娘が、好きな人ができたのと嬉しそうに報告してくれる。
そんな未来に私は笑って、応援してあげると言おうと思っていた。どんな母親がいるとしても、そのどの親よりも私は恋に寛大でいられると思っていたのだ。
しかし、それは無意味なことになった。何故なら、娘が恋人といって見せてくれた写真には絶対に認めたくない男の顔があったのだから。
どうしてこんなことになってしまったのか。
娘がまだ幼稚園に通っていた頃、世の中は禁煙を謳ってはいたものの、町の中ではまだ歩き煙草をする人は多かった。夫はほんの短い間、喫煙した時期はあったが、子供が欲しいと思った時に止めていて父も吸わない。だからこそ私にとって、煙草というものが凶器になるという判断はできていなかった。
手を繋ぐ娘が、突然の叫び声と共に倒れるように手を引っ張っても何が起こったのか、理解できない。洋服が燃え、焦げた臭いが立ち上る。
一瞬、自分の中で何かを考えることを放棄したかのように時が止まってしまった。
近くにいた人がその場に立ち尽くしていた私に、救急車を呼ぶように言ってくれて初めて、これはただ事ではないと思った。
慌てて娘を抱き寄せると鳴き声が弱まり、涙だけが流れ続けていた。名前を呼び、体をさすると今度は痛いと連呼する。焼けた洋服を脱がそうとすると一部皮膚に張り付いてしまって再び娘が悲鳴を上げた。
余りのことに回りが見えていなかった。ただ誰かが救急車を呼んでくれていたようで、次第に大きくなるサイレンを聞きながら私自身も泣くしかなかった――。
病院での出来事は殆んど憶えていない。
どうやって夫を呼んだのかも分からない。気づけば、夫とそれぞれの両親が病室に集まっていた。誰に何を聞かれても、一つも答えることはできなかった。そのうち警察に届けることになると医師から告げられ、警察官から質問攻めにあっても、それは変わらなかった。

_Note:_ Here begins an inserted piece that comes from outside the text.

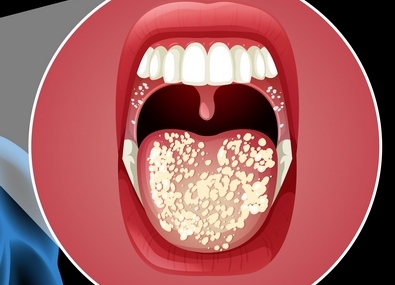 Лечение рака ротовой полости рта в Израиле.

娘の体、今も首の下から左の胸にかけて火傷の痕がある。原因は煙草の火だった。人混みのある休みの街中、その人は右手に持った煙草を意図的ではないにしろ娘の体に密着させた。その上、その痕はケロイド状と化し、色も変わり白い肌に盛り上がる痕となったのだ。
現代では形成外科での治療もあると聞いたけれど、完全に治るわけではないと言われ手術は止めた。火傷痕を含め、そのケロイドは一生残ってしまう。首に近い部分では、これ以上広がらないことを願うしかない。

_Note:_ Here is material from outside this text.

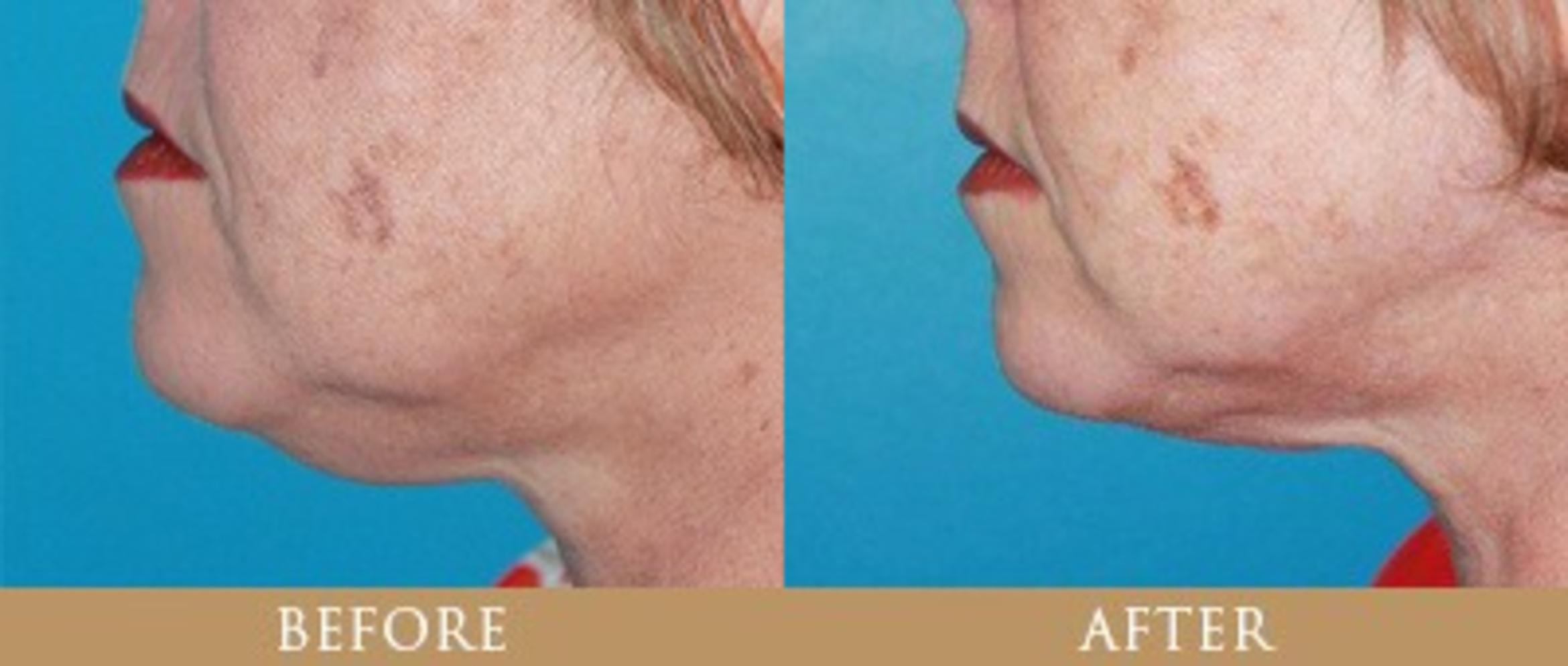 Before & After Y Lift Instant Facelift Case 130 View 1 View in Santa Rosa, California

残ってしまった痕を見る度に、この子の将来を不安に思う。だからこそ勢いがある若いうちに結婚してくれたら、と思ってしまっていた。それが、こんなことになるなんて……。
どんなに年数が経っても、決して忘れることのないその顔。娘に傷を残した張本人が、娘のスマホで笑っていた。思わず投げつけてしまいたい衝動にかられたものの、彼女に何と説明していいのか分からず思いとどまった。

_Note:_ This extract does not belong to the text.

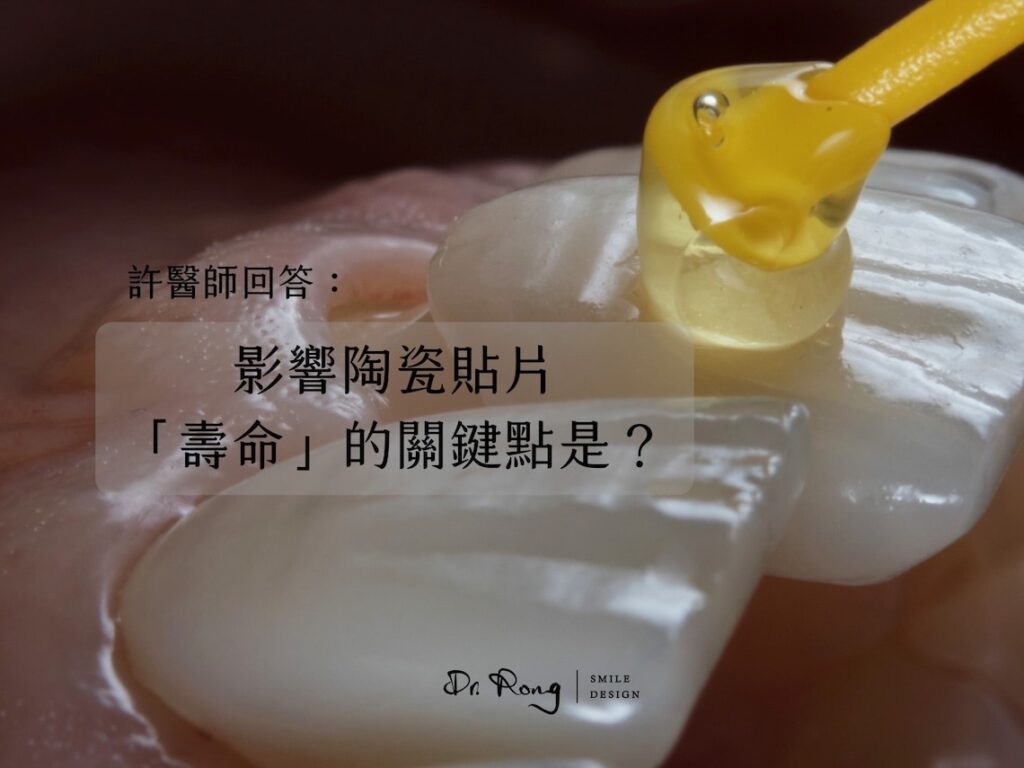 陶瓷貼片壽命-瓷牙貼片-牙齒貼片-牙醫推薦-台北-許家榕醫師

兎も角、この男だけは駄目だと。それしか言えなかった。娘に男の記憶はないのだろう。かつて一度だけ見舞いに来て、夫が会わせた。まだ痛みとの闘いの中で憶えているわけがない。
どんな出会いだったのだろう。でも聞いてしまったら話が進んでしまうかもしれない。私は許せない。この男だけは許したくない。
帰ってきた夫にそのことを告げた。結婚ではなく、恋人としてでも嫌だった。もう気持ちが暴走していて、娘の気持ちを否定していることにも気づけなかった。
娘は優しい子だった。私の気持ちを逆なでしないように、彼の話は避けている。それでも時折、スマホを覗きこみながら嬉しそうに微笑んでいるのを見ると、あの男からの言葉が送られているのだろうかと思う。そんなものを読むなと言いたくて、でも良い母親をやめたくなくて、自分の気持ちを抑え込むのに精一杯になってしまった。
高校二年。綺麗になったなと最近よく思う。私が結婚した年齢になっていることに改めて思いを馳せた。
私が結婚したいと言った時、最初は中学三年だった。父も母も悩んだと思う。中学生の恋が長続きする筈がないと、皆から聞かされた。
今、娘の何気ない言葉が小さな棘となって心に突き刺さっているような気がする――。